The impact that the retirement of the baby-boomers will have on the financial markets will be softened by at least three factors. In the first place, some commentators have drawn attention to the fact that pensioners' actual consumption behaviour does not seem to be the same as assumed in the models: pensioners do not realise their assets with anything like the speed the theoretical models would lead us to believe.
I think this is an extremely important point since we really don't know and your standard asset accumulation model does indeed tend to predict dis-saving at a speed which does not seem reasonable. Another thing is the point about the 'two forces' which will shape savings in the future which also is very important to include in our calibrations. Clearly any general equilibrium model which promises to predict things in 2030 should of course be taken with a pinch of salt but the underlying assumptions are very much to the point I think ...
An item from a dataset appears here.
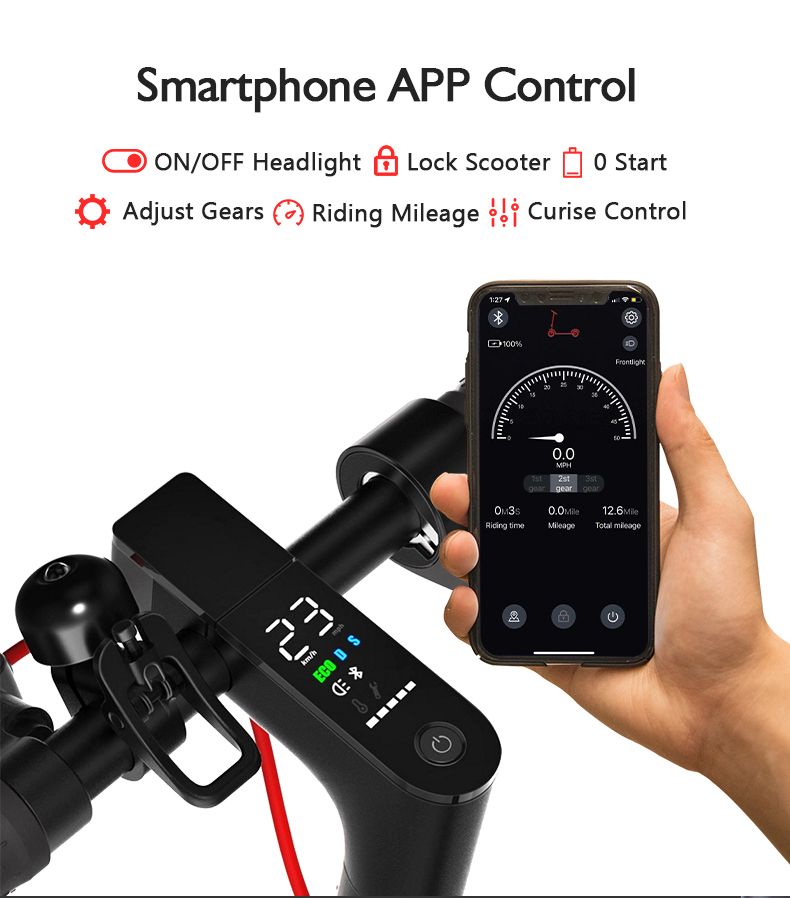 8.5inch 7.8Ah Battery Mobile Phone APP bluetooth  Foldable e scooters China supplier factory folding electric scooters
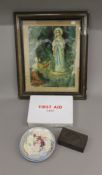 A set of four limited edition Chinese plates, an early 19th century framed Religious print,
Thus, global savings will in future be shaped by two opposing factors. On one hand, declining age cohorts will reduce the number of pension savers relative to the number of retired persons consuming previous savings. On the other hand, lengthening lifespans will make people of working age keener to save. The calculations conducted at the Bank of Finland suggest that this latter trend will be stronger, at least over the next couple of decades. Only around the year 2030 will the impact of declining age cohorts begin to dominate and depress the level of savings. Even then, the impact will be gradual and visible mainly as slower growth in new investment funds entering the financial markets, not a collapse in investment.
To the list of factors increasing pension savings we can add another, more speculative motive. Attitudes towards retirement would appear to be changing. At one time people stopped working when their working capacity had declined so much that they could no longer work productively. But expectations have changed. People can increasingly look forward to many years of healthy life after retirement. Many now see their retirement years as an opportunity to enjoy their leisure time in a way that was impossible while they were at work. There appear to be rising expectations about consumption levels during retirement. An increasing readiness to consume in retirement also means an increasing need for pension savings. How large an impact this change in attitude will have on the financial markets is hard to assess, but the direction of the impact is surely clear.
All in all I think this speech and the arguments it fields represents a very valuable contribution to the general discourse on financial markets and the effects of ageing. Also, you should note the macroeconomic analysis provided further on in the speech which also seems, in my opinion, right on the money when it comes to the (lack of?) effects of raising retirement age as well as the economic effects of a structural fiscal tightening process to pay for pay-go pension schemes.